**ABOUT THIS TASK:** If a line below falls between the line with "Miku Loves You Pillow by mikmix" and the line with "Wrangler Jeans W44", or is one of those two, output it exactly; output nothing else and no pictures.

**RECORD EXCERPTS:**
-------

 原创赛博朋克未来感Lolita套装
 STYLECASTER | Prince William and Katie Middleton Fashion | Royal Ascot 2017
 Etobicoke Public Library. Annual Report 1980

-------

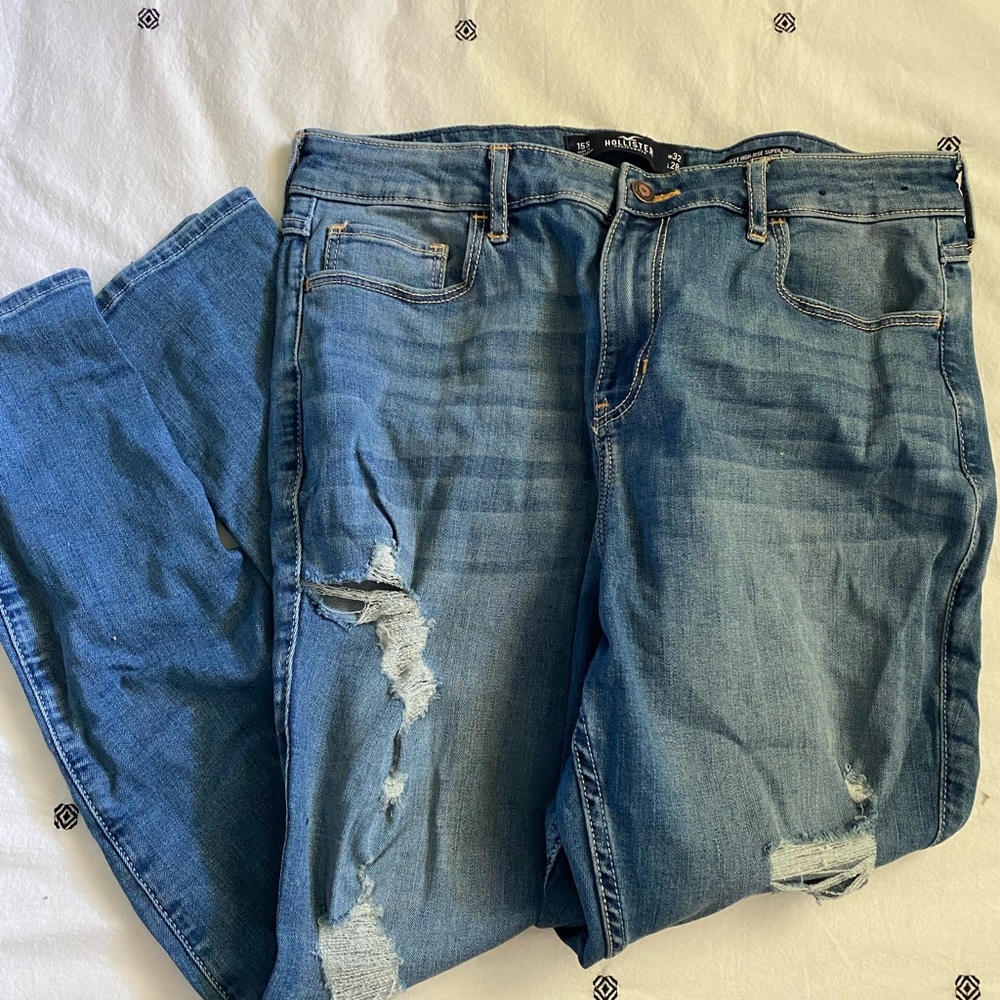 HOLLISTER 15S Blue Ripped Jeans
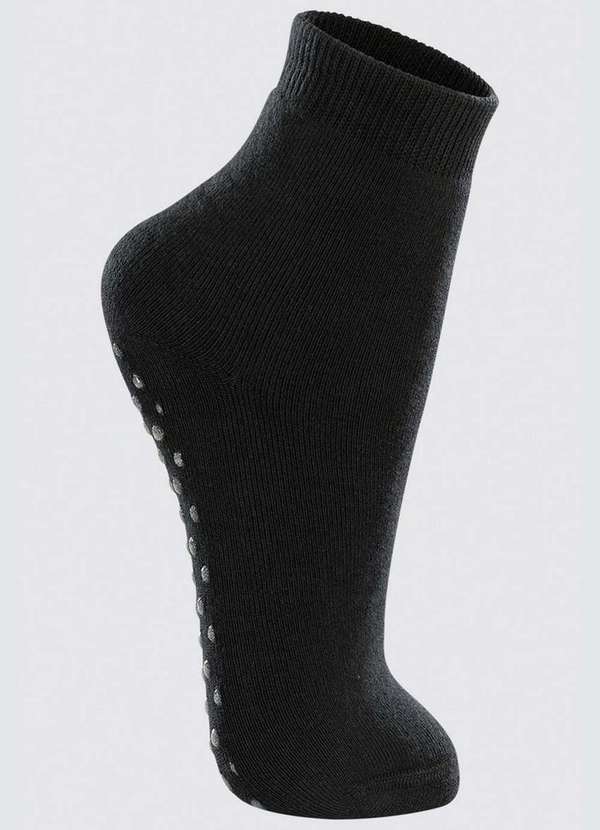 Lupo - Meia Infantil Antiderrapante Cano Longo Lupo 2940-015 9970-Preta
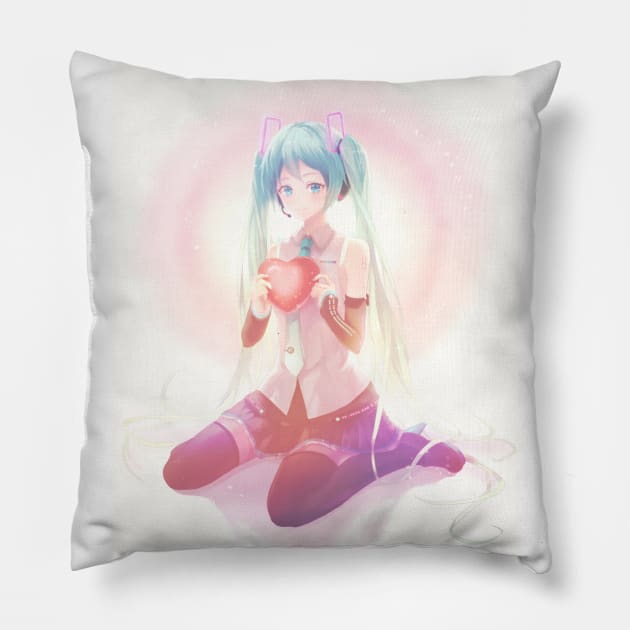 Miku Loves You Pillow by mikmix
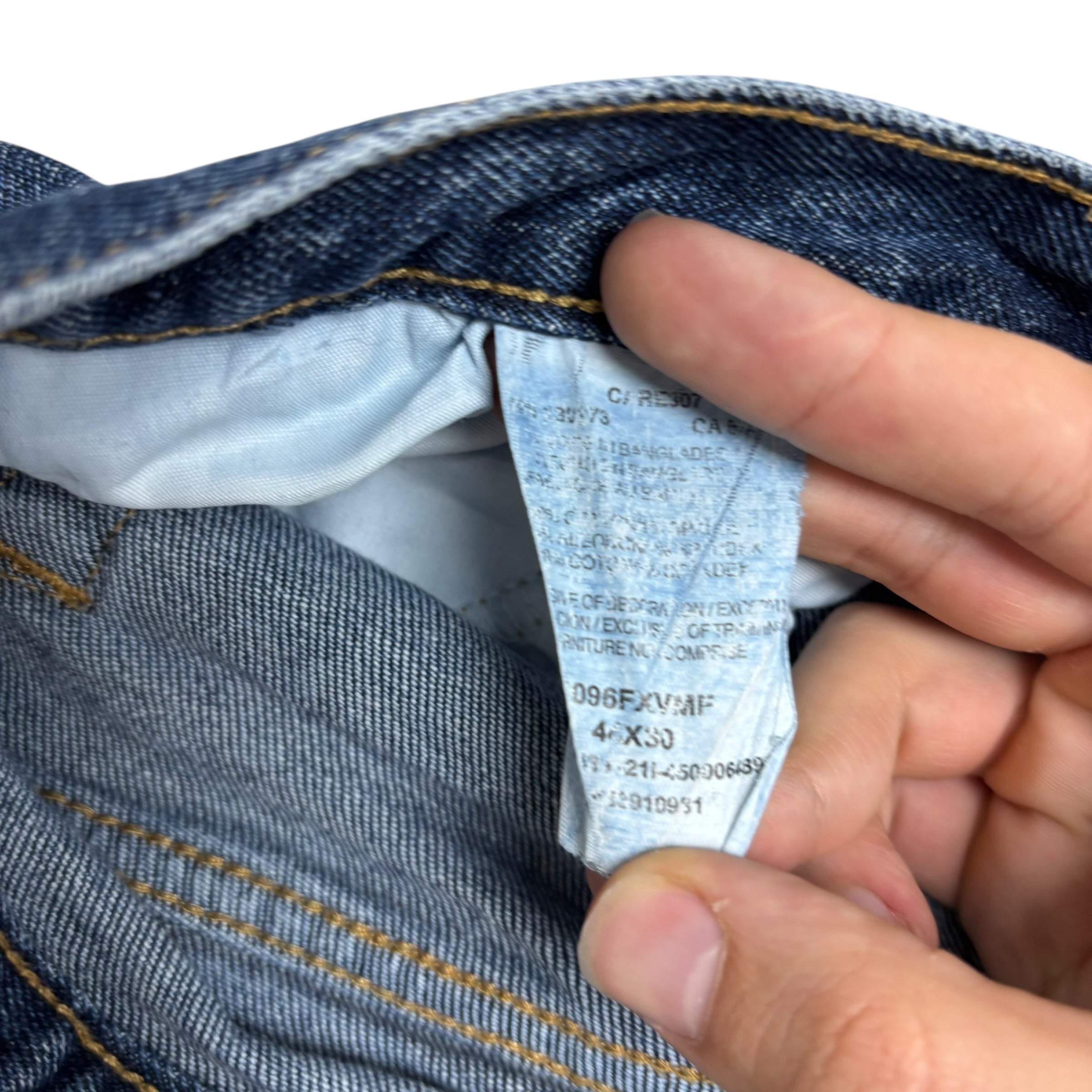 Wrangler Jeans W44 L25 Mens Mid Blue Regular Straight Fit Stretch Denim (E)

-------

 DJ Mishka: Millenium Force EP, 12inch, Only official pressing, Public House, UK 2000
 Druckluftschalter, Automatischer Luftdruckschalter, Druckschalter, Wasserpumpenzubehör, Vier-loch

-------

**TASK RESPONSE:**
 Miku Loves You Pillow by mikmix
 Wrangler Jeans W44 L25 Mens Mid Blue Regular Straight Fit Stretch Denim (E)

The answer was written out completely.